Reprint all of the data below exactly as shown and skip every image.

**** Provided material ****

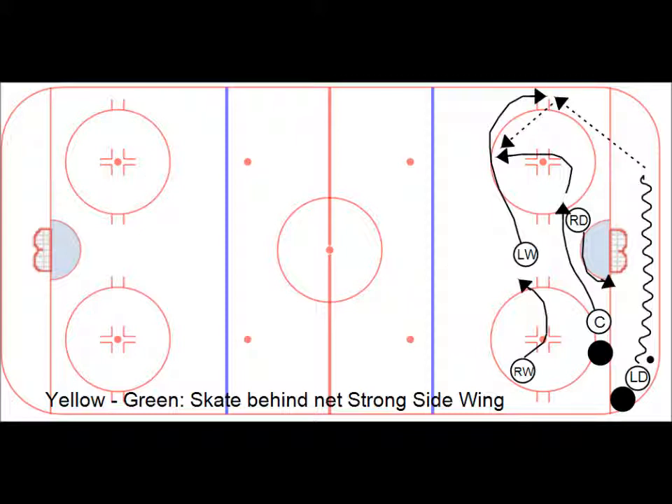The left wing, seeing that the pass has taken place and we have control, will start skating out of the zone for a pass to be made up to them. Behind the net with the puck — pass to the wing. The wing follows behind the net and comes down to get the pass. The center skates over to make sure the pass is done and then starts skating up the ice.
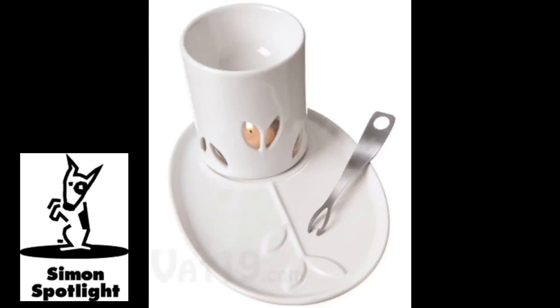Create a melty dipping sauce worth keeping all to yourself with the Personal Fondue Set. Just ignite the included tea light candle, place the 4-ounce stoneware bowl on top, and get creative with how you fill it.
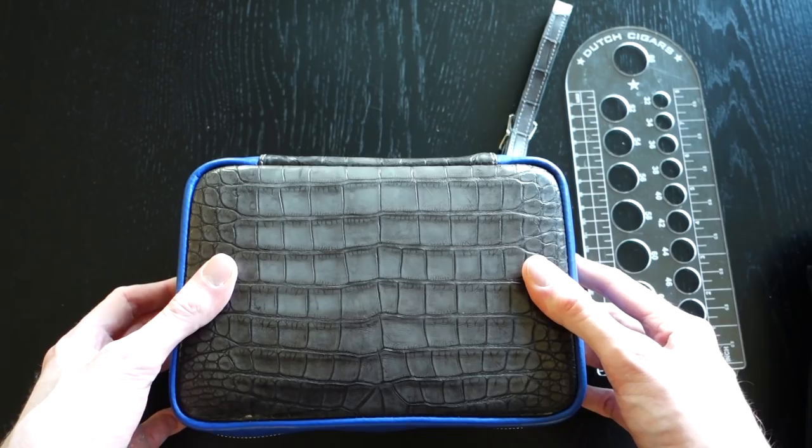Dupont did not make just this case — they made a whole series of products related to the look of this case. For that they did a cooperation with a company called Brisard from America, a very nice leather company who makes a lot of cigar-related products at very high quality. They stepped it up further with alligator leather. They made two lines: the blue with gray as you see here, and a brown with orange. They made a larger case, a smaller cigar case for two or three cigars, and a humidor.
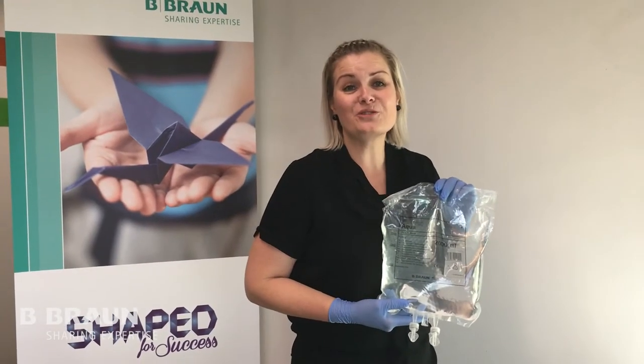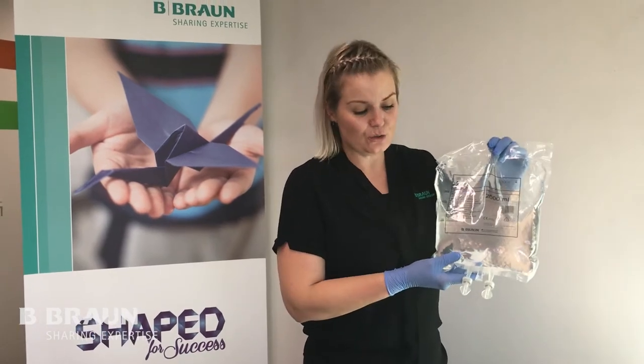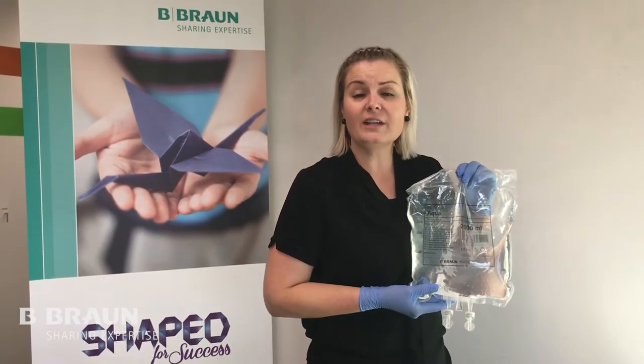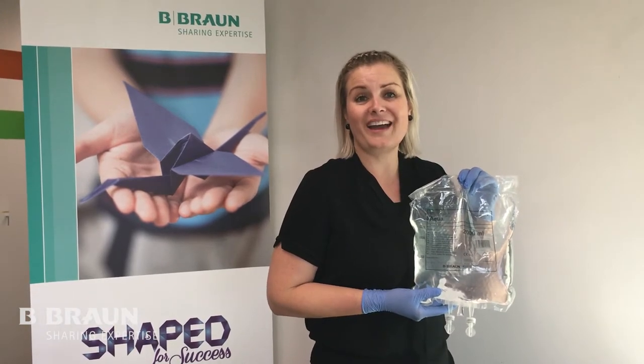I'm going to take you through the B. Braun Eco Bag. Here are two grey ports that are both sterile and resealable. I will now take you through how to spike the bag.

****

The completed task
The left wing, seeing that the pass has taken place and we have control, will start skating out of the zone for a pass to be made up to them. Behind the net with the puck — pass to the wing. The wing follows behind the net and comes down to get the pass. The center skates over to make sure the pass is done and then starts skating up the ice.
Create a melty dipping sauce worth keeping all to yourself with the Personal Fondue Set. Just ignite the included tea light candle, place the 4-ounce stoneware bowl on top, and get creative with how you fill it.
Dupont did not make just this case — they made a whole series of products related to the look of this case. For that they did a cooperation with a company called Brisard from America, a very nice leather company who makes a lot of cigar-related products at very high quality. They stepped it up further with alligator leather. They made two lines: the blue with gray as you see here, and a brown with orange. They made a larger case, a smaller cigar case for two or three cigars, and a humidor.
I'm going to take you through the B. Braun Eco Bag. Here are two grey ports that are both sterile and resealable. I will now take you through how to spike the bag.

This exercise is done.